Prefiero mirar a la Patria –esa Patria que un día me adoptó– desde el suelo. Desde el borde de la acera la Patria se vive distinta. No pretendo criticar o menospreciar el esfuerzo realizado por muchas instituciones para la celebración digna de tan importante acontecimiento. Se trata de ampliar la mirada para que todos, todos, sean protagonistas en la Fiesta.
¿Qué significará el Bicentenario para ese paciente papá que, acompañado de sus cinco wawitas, cada sábado se acerca a nuestro comedor solidario para que sus hijitos puedan recibir un poco de alimento? Sí, humilde gente con un “gracias” siempre en su boca y en su corazón.
¿Qué significa “independencia” para quien depende de una moneda ajena para comer? ¿Habrá un rincón para él en los festejos, o solo verá luces desde la distancia?
¿Cuántas almas, sobre todo niñas y niños, se sienten solas, abandonadas, con grandes carencias que personas de buena voluntad intentan aliviar con su trabajo profesional o desde una generosa vocación religiosa?
¿Cómo celebrar 200 años si aún hay hambre, exclusión y abandono? ¿Qué tipo de República queremos construir desde este punto? ¿Cuál es la Patria verdadera: la que se celebra desde los palcos o la que sobrevive desde las calles?
¡Tanta platita se destinará estos días a tan magno acontecimiento...! ¡Cuántas necesidades podrían cubrirse con un reparto económico más equitativo!
Tal vez este bicentenario sea una oportunidad no solo para recordar, sino para “reconstruir”. No desde la cumbre, sino desde la raíz.
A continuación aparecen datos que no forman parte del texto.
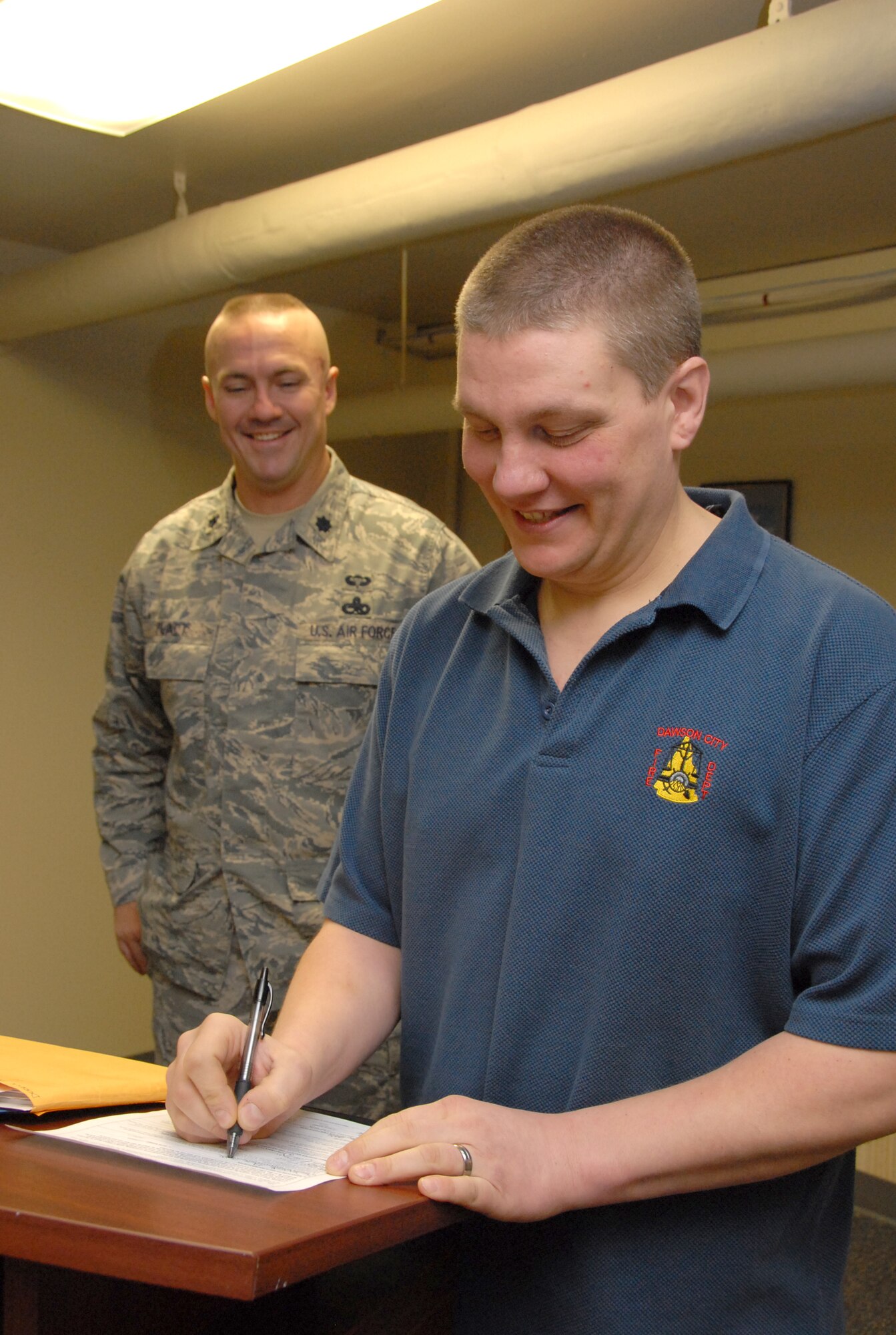 Derrick Bell signed his enlistment paperwork Jan. 15 with Lt. Col. Raymond Platt.  Bell is the newest enlisted member of the 477th Fighter Group, a Classic Associate unit responsible for recruiting, training, developing and retaining unrivaled Citizen Airmen.  In only 11 months Bell lost 115 pounds before he met physical standards for the Air Force Reserve.  Today he is preparing to attend technical training to work as an F-22A Raptor Crew Chief. (U.S. Air Force photo by Staff Sgt. Rhiannon Willard)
Desde el rostro que no sale en televisión, pero que sostiene al país con su lucha silenciosa.
En los albores de nuestra independencia, los libertadores no solo empuñaron espadas contra el dominio colonial, sino que también alzaron la voz por aquellos que siempre habían sido olvidados. Bolívar, desde Angostura, soñó con una Patria donde las leyes corrigieran las diferencias naturales para que la educación y las virtudes concedieran una “igualdad política y social”. Sucre, ya como gobernante, se despidió diciendo que no había hecho llorar a ningún boliviano, y dejó sembradas obras de clemencia, escuelas para todos y respeto por los vencidos. Hoy, en este Bicentenario, esas palabras no pueden quedarse en mármol ni en papel antiguo. Nos interpelan. Nos llaman a que la libertad que celebramos no sea sólo conmemorativa, sino profundamente humana: que abrace al pobre, al herido, al que vive en las sombras. Porque si la República nació con promesas de justicia, es nuestro turno volverlas presencia.
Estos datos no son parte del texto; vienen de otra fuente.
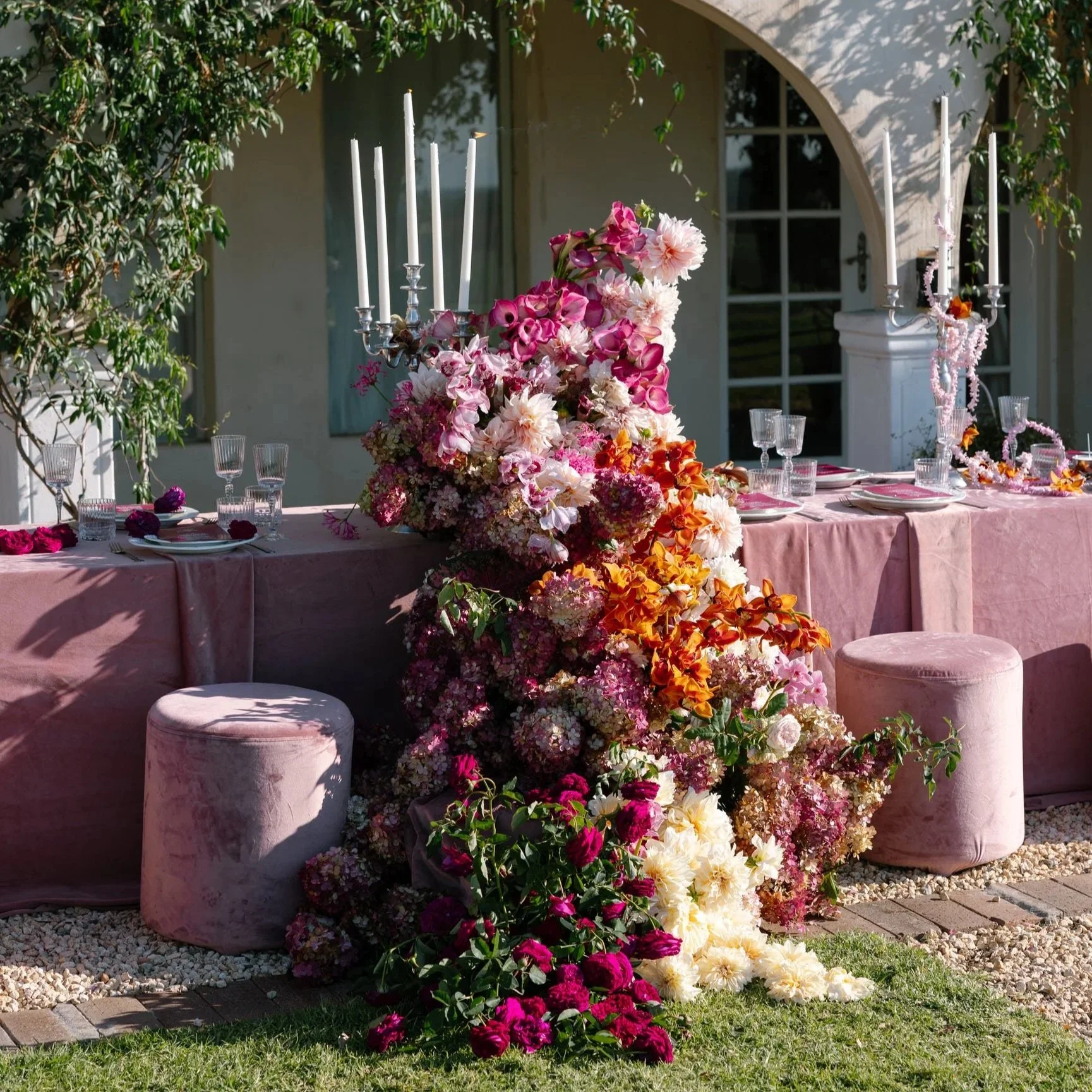 Elegant outdoor table setting with a long pink tablecloth, large central floral arrangement with pink, white, and orange flowers, surrounded by pink velvet stools, and decorated with white candlesticks and crystal glasses. A lush green tree and a house with white walls and black-framed windows are in the background.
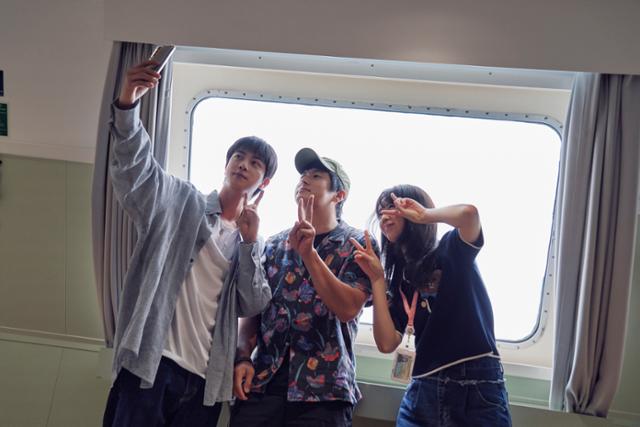 Cast members of the Netflix variety show 'Kian's Bizarre B&B,' produced by Studio Modak. From left: Jin of BTS, Kian84, and Ji Ye-eun. Courtesy of Netflix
La Patria está en cada mirada que espera igualdad. En cada gesto de solidaridad. En cada vida que, aunque olvidada, también merece celebrarse.
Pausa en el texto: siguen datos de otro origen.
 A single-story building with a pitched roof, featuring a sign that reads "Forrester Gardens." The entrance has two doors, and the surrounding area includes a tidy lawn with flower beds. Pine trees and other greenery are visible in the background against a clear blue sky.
Estas líneas germinaron en aceras, plazas y rincones donde la Patria también respira. Fueron sembradas por voces jóvenes, por gestos humildes que no caben en los balcones oficiales. Nacieron del acompañamiento pastoral con quienes viven la independencia desde la espera, desde la carencia, desde la ternura. Esta columna es testimonio y espejo: para que no se nos olvide que también hay fiesta donde hay esperanza.
Amigo lector, ¿te sientas conmigo en el borde de la acera?